Provided data START

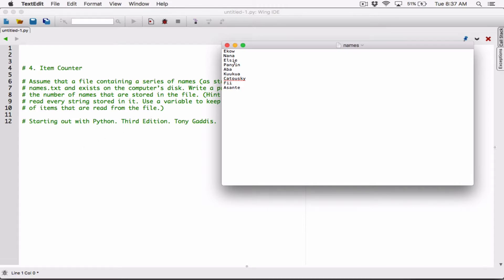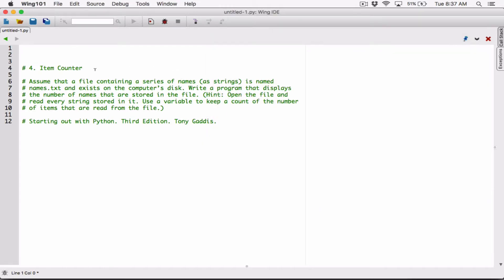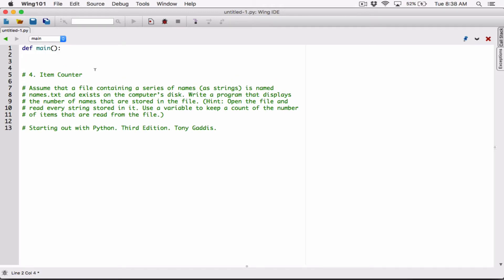Now I have the names.txt file. Let's write the program. Let's define the main function. In most programming languages, the main function is your starting point — it's the function that has your program, the function that's going to be called, and it calls every other function. So let's define the main function, write our program in there, and when we are done, call the main function.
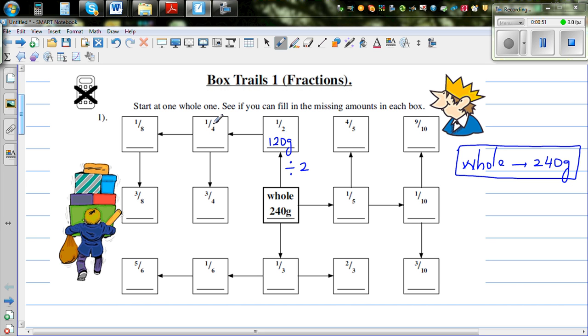A quarter is half of a half. So from a half, if you want to find a quarter, you do the half of the half, which is 60 grams.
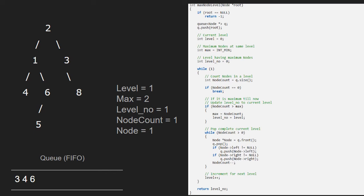Now, node will point to 3, then we pop 3 from the queue. We enqueue the children of 3. Since the left child of 3 is null, nothing is enqueued. The right child of 3 which is 8 is enqueued. Again, node count decreases by 1, so node count will now be equal to 0. Since node count is not greater than 0, we exit the inner while loop. Then, level is incremented by 1 and we continue with the outer while loop.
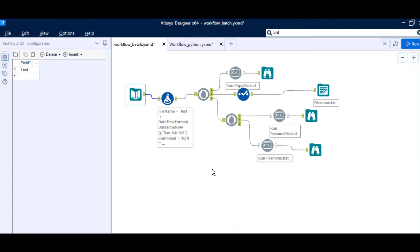Hello friends, welcome back to my channel. Today we will talk about one of the very basic problems in report automation. In any report automation project, you would want to write data to an existing report and then name that report based on the current timestamp. We all love Alteryx and know how good it is in report automation, but it doesn't support this particular feature where you have to name an existing Excel file based on the timestamp. That's where we will have to use some third-party tools and technologies.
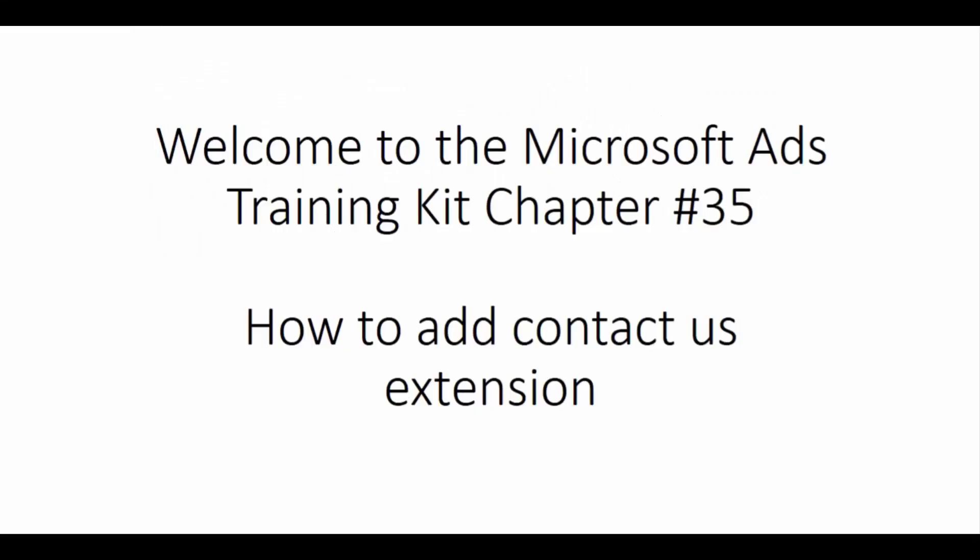Welcome to the Microsoft Ads Training Kit Chapter 35. How to add Contact Us extension.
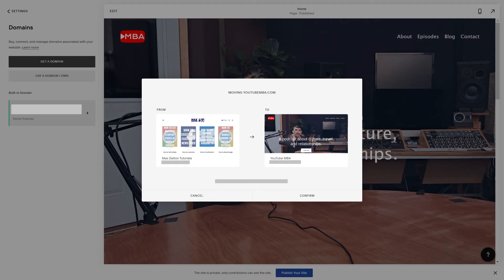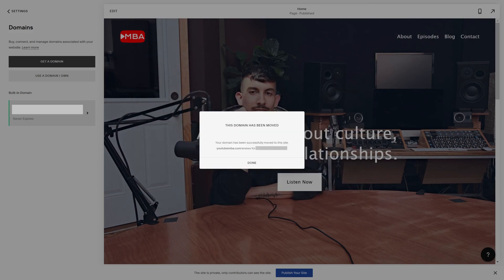A window pops up asking you to confirm the Squarespace site you want to move your domain from and to. Step 6. Click Confirm. A message is displayed confirming that your domain has been moved.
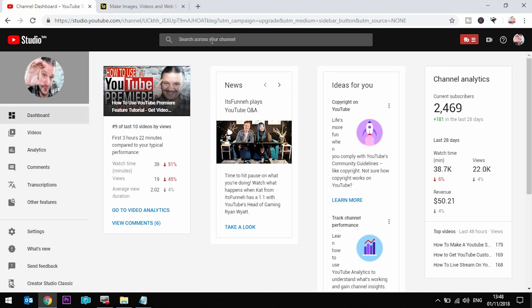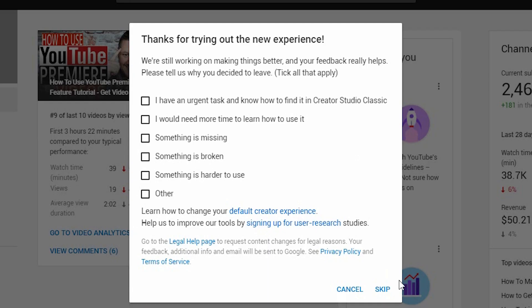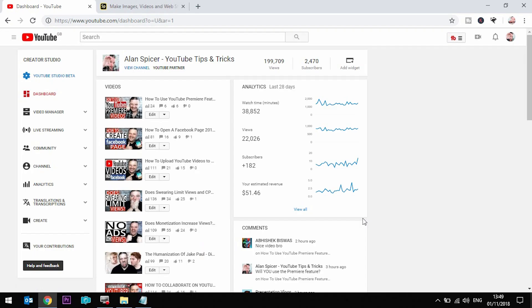So some of you might land on this page — this is the YouTube Studio Beta, which will be the new YouTube Studio come 2019. But to delete your YouTube account, you need to switch back to the classic. In the bottom left-hand corner you have Creator Studio Classic. It will ask you a reason why you are leaving the beta — just click skip and it will dump you back into your original classic dashboard. If you start at the classic dashboard, then you're a step ahead anyway.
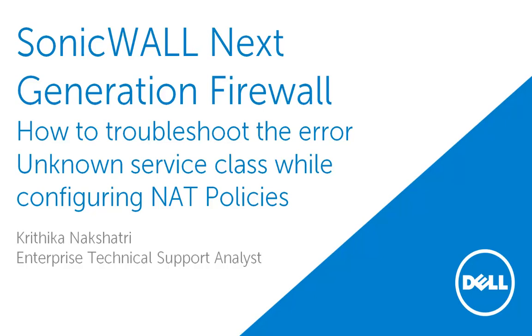In this video, we will demonstrate how to troubleshoot the error unknown service class while configuring NAT policies.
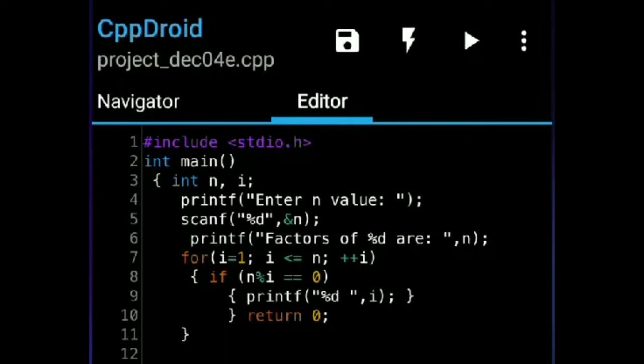Now i will be incremented again. 6 is less than or equal to 6 — the condition will be satisfied. It will go to the if statement: 6 % 6 is equal to 0 — yes, the condition is satisfied. It will print the value 6 on the output screen. Now i will be incremented again, so the value of i will be 7.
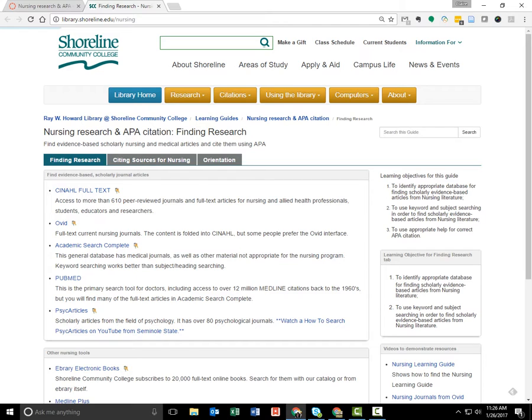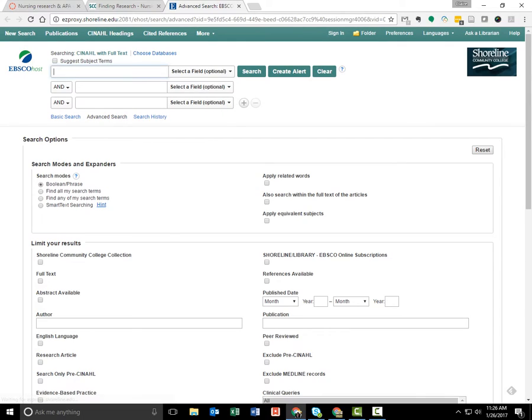Click on CINAHL. This is the Nursing and Other Allied Health database.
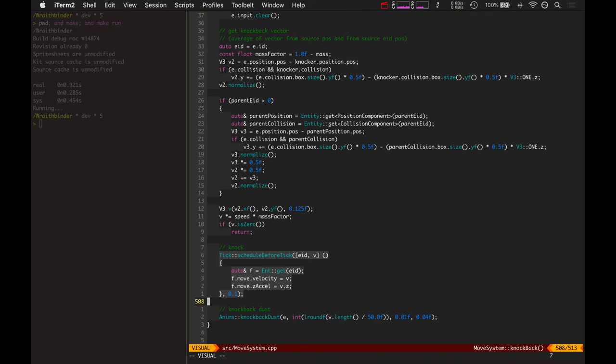Because like, what happens if that scheduled function doesn't happen? What happens if you pause the game and it cleared all those kind of functions? And then all of a sudden, you've lost it. You can't do it anymore.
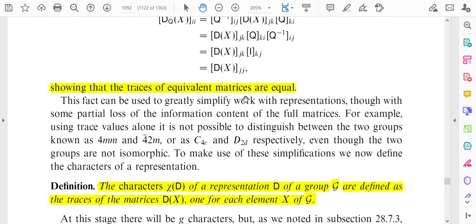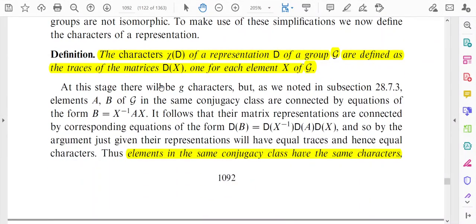This fact can be used to greatly simplify work with representations, though with some partial loss of the information content of the full matrices, since we are concerning the traces only. The characters χ^D of a representation D of a group G are defined as the traces of the matrices D(x), one for each element x of G. For each representation matrix D(x), there is a character χ, which is the trace of that matrix.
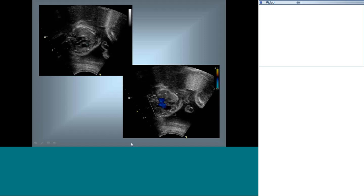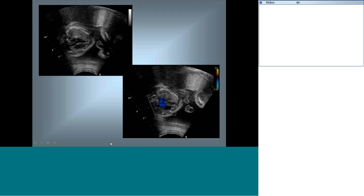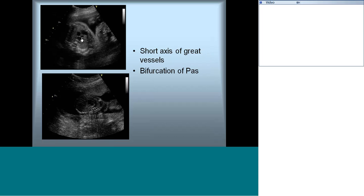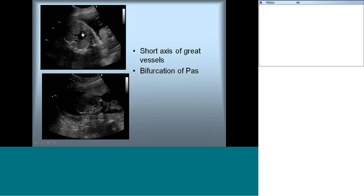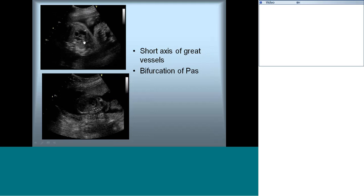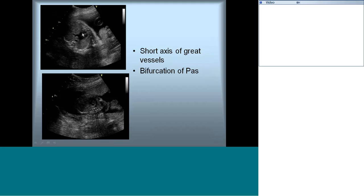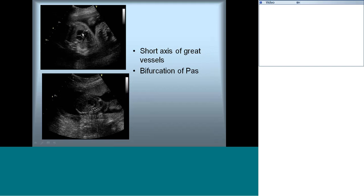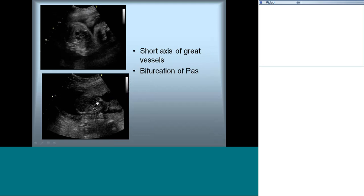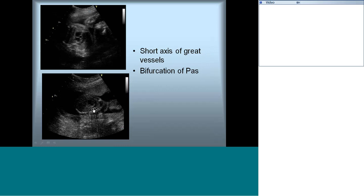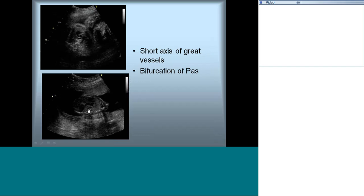This view is similar to the parasternal long axis. Rotating 90 degrees from here gives a parasternal short axis-type view. In this view you get the aorta in short axis and can see the branch PA bifurcation, the left atrium, right atrium, and RVOT. VSD can be well defined in this view. A slight tilt from here will open up the ductal arch continuing as the descending aorta, visible as the right ventricle outflow to the branch PA and descending aorta.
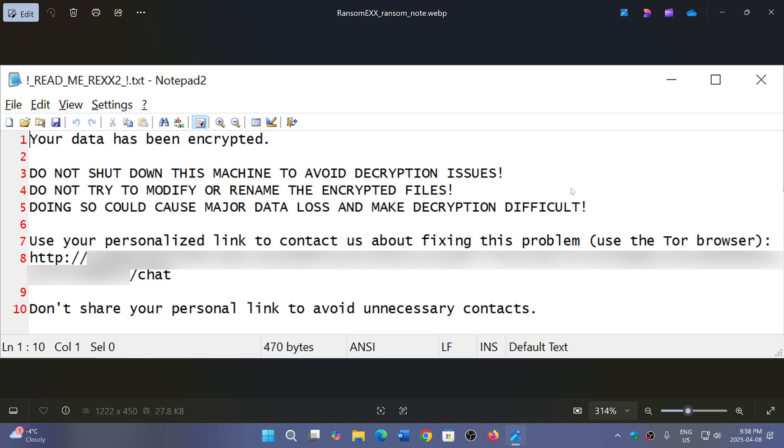And it tells you to use the Tor browser because it wants you to go on the dark web and follow a link on the dark web, which seems to be some kind of a chat.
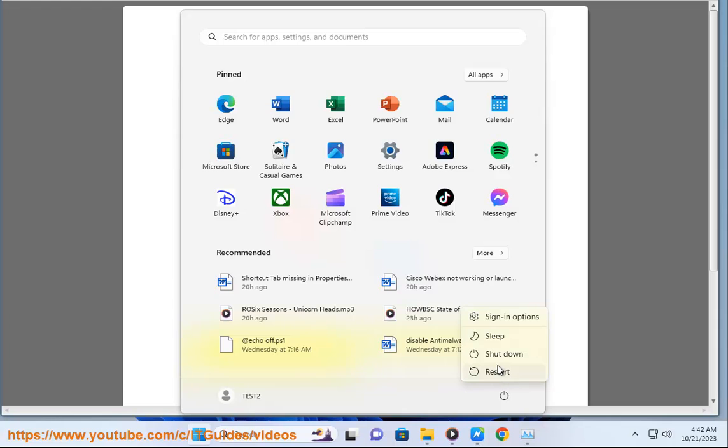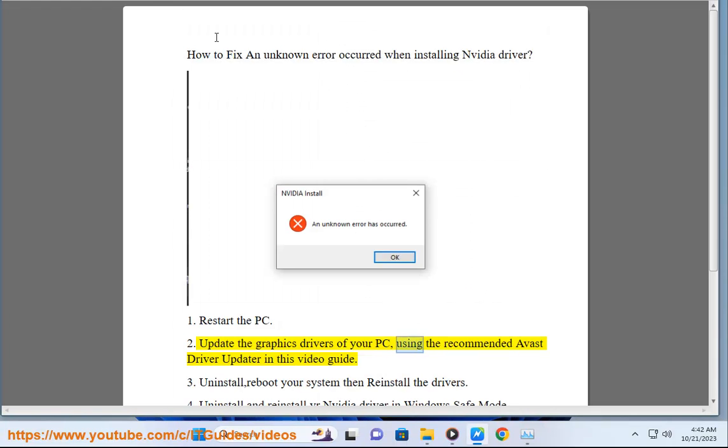2. Update the graphics drivers of your PC, using the recommended Avast driver updater shown in this video guide.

Provided data END

> **About this task**:
Write out the data word for word. Any picture is to be skipped.

> **Answer to this task**:
Now I have the names.txt file. Let's write the program. Let's define the main function. In most programming languages, the main function is your starting point — it's the function that has your program, the function that's going to be called, and it calls every other function. So let's define the main function, write our program in there, and when we are done, call the main function.
A quarter is half of a half. So from a half, if you want to find a quarter, you do the half of the half, which is 60 grams.
Now, node will point to 3, then we pop 3 from the queue. We enqueue the children of 3. Since the left child of 3 is null, nothing is enqueued. The right child of 3 which is 8 is enqueued. Again, node count decreases by 1, so node count will now be equal to 0. Since node count is not greater than 0, we exit the inner while loop. Then, level is incremented by 1 and we continue with the outer while loop.
Hello friends, welcome back to my channel. Today we will talk about one of the very basic problems in report automation. In any report automation project, you would want to write data to an existing report and then name that report based on the current timestamp. We all love Alteryx and know how good it is in report automation, but it doesn't support this particular feature where you have to name an existing Excel file based on the timestamp. That's where we will have to use some third-party tools and technologies.
Welcome to the Microsoft Ads Training Kit Chapter 35. How to add Contact Us extension.
A window pops up asking you to confirm the Squarespace site you want to move your domain from and to. Step 6. Click Confirm. A message is displayed confirming that your domain has been moved.
So some of you might land on this page — this is the YouTube Studio Beta, which will be the new YouTube Studio come 2019. But to delete your YouTube account, you need to switch back to the classic. In the bottom left-hand corner you have Creator Studio Classic. It will ask you a reason why you are leaving the beta — just click skip and it will dump you back into your original classic dashboard. If you start at the classic dashboard, then you're a step ahead anyway.
In this video, we will demonstrate how to troubleshoot the error unknown service class while configuring NAT policies.
Now i will be incremented again. 6 is less than or equal to 6 — the condition will be satisfied. It will go to the if statement: 6 % 6 is equal to 0 — yes, the condition is satisfied. It will print the value 6 on the output screen. Now i will be incremented again, so the value of i will be 7.
Click on CINAHL. This is the Nursing and Other Allied Health database.
Because like, what happens if that scheduled function doesn't happen? What happens if you pause the game and it cleared all those kind of functions? And then all of a sudden, you've lost it. You can't do it anymore.
This fact can be used to greatly simplify work with representations, though with some partial loss of the information content of the full matrices, since we are concerning the traces only. The characters χ^D of a representation D of a group G are defined as the traces of the matrices D(x), one for each element x of G. For each representation matrix D(x), there is a character χ, which is the trace of that matrix.
This view is similar to the parasternal long axis. Rotating 90 degrees from here gives a parasternal short axis-type view. In this view you get the aorta in short axis and can see the branch PA bifurcation, the left atrium, right atrium, and RVOT. VSD can be well defined in this view. A slight tilt from here will open up the ductal arch continuing as the descending aorta, visible as the right ventricle outflow to the branch PA and descending aorta.
And it tells you to use the Tor browser because it wants you to go on the dark web and follow a link on the dark web, which seems to be some kind of a chat.
2. Update the graphics drivers of your PC, using the recommended Avast driver updater shown in this video guide.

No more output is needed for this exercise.